(Assignment) All lines from the opening of the material up to and including the line with "Bildausschnitt mit einer" should be transcribed exactly, pictures excepted.

/---

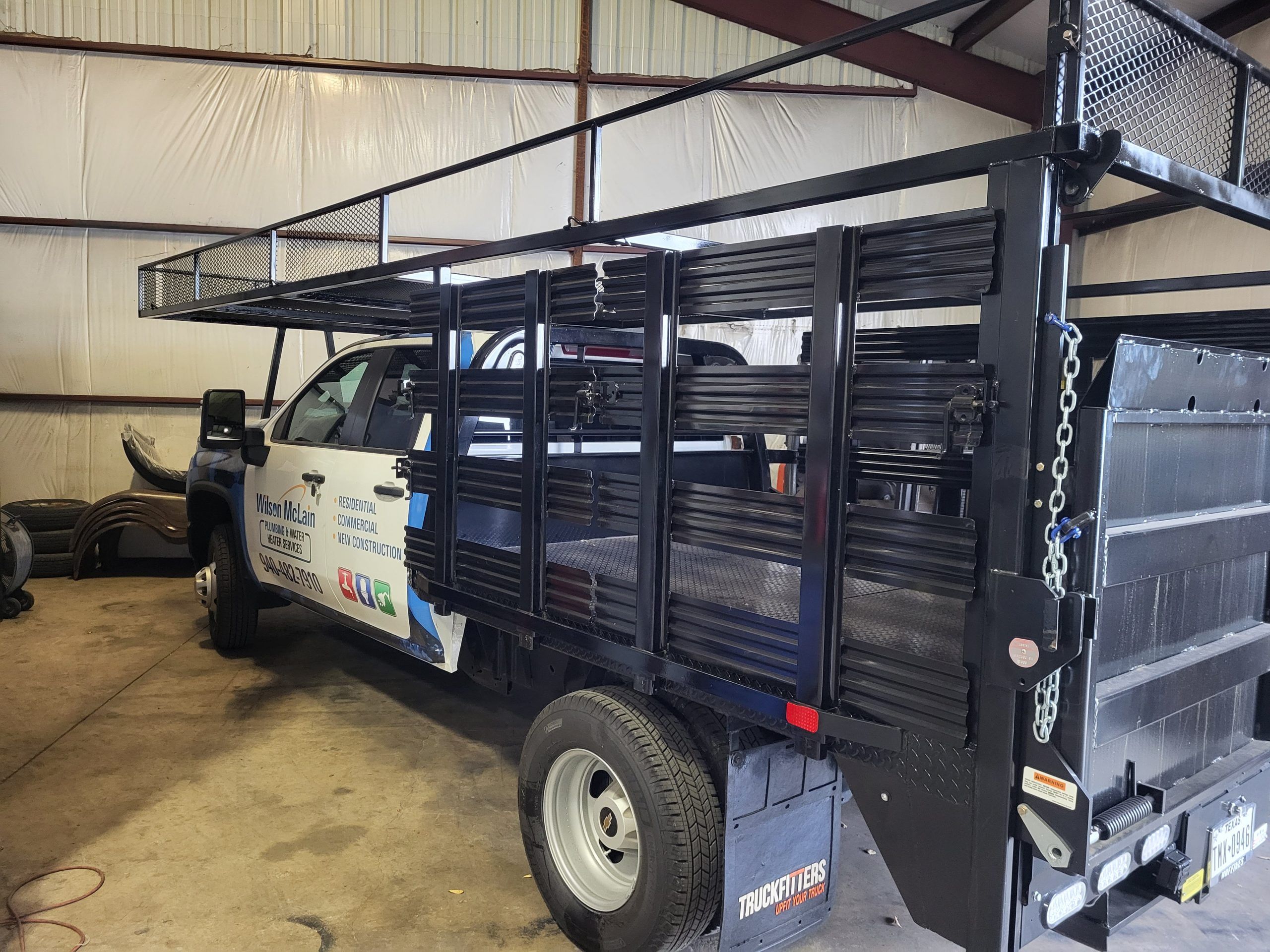 Custom welded flatbed rack on a service truck in the Smok’t shop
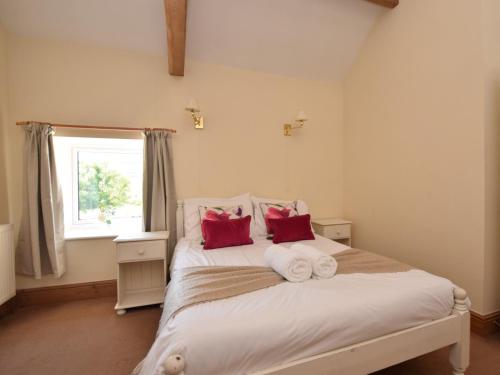 a bedroom with a white bed with red pillows at 3 Bed in Ashford in the Water PK501 in Great Longstone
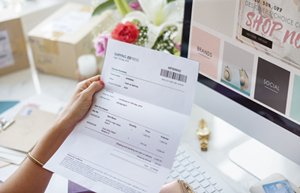 Bildausschnitt mit einer Rechnung, von einer Frauenhand gehalten, vor einem Webshopwebseite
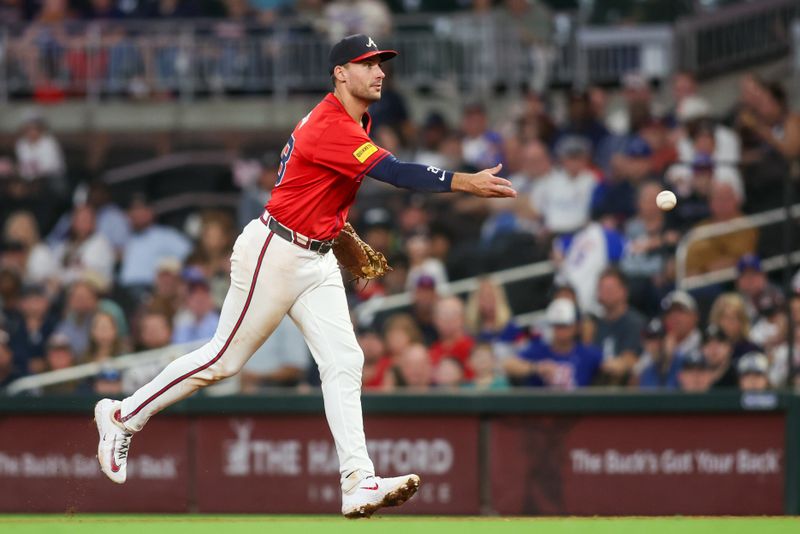 Sep 6, 2024; Atlanta, Georgia, USA; Atlanta Braves first baseman Matt Olson (28) throws a runner out at first against the Toronto Blue Jays in the fifth inning at Truist Park. Mandatory Credit: Brett Davis-Imagn Images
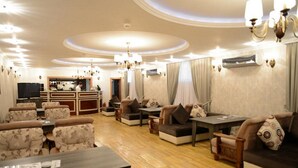 A spacious lounge area with sofas, armchairs, and tables. There is a bar area in the background. - Qafqaz Yeddi Gozel Resort (Gabala)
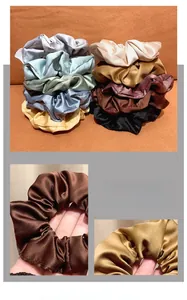 Close-up of silk oversized hair scrunchies with elegant pleats and shiny metallic texture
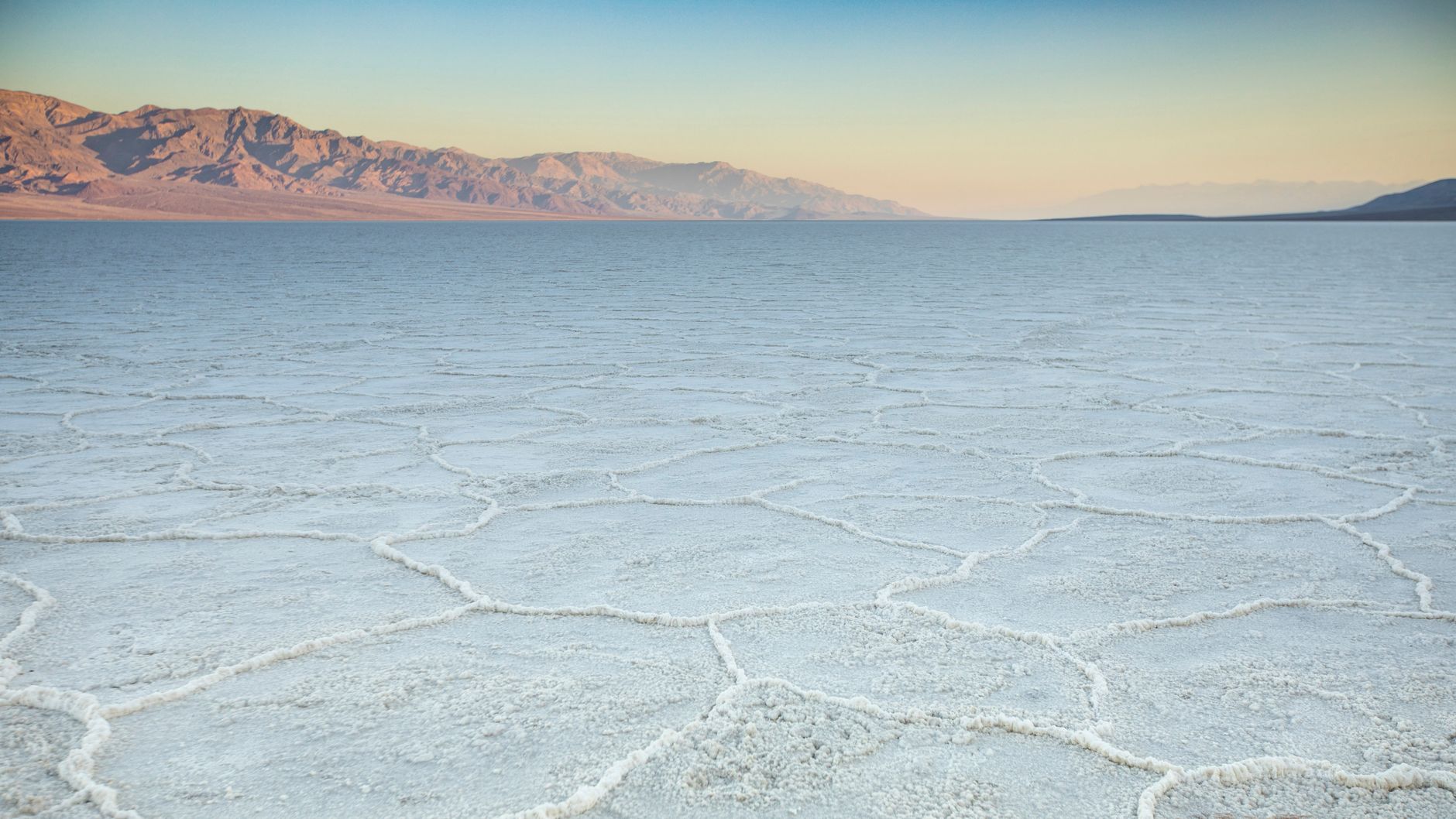 Stunning view of the salt flats at Badwater Basin in Death Valley during sunset.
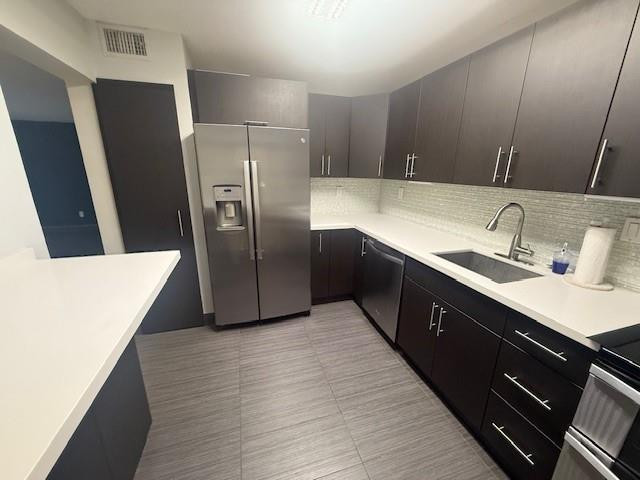 10525 Southwest 153rd Court, Unit 4 Miami, FL 33196 - Photo 10 of 33 a kitchen with stainless steel appliances a sink a refrigerator a counter space and cabinets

\---

(Reply)
 Custom welded flatbed rack on a service truck in the Smok’t shop
 a bedroom with a white bed with red pillows at 3 Bed in Ashford in the Water PK501 in Great Longstone
 Bildausschnitt mit einer Rechnung, von einer Frauenhand gehalten, vor einem Webshopwebseite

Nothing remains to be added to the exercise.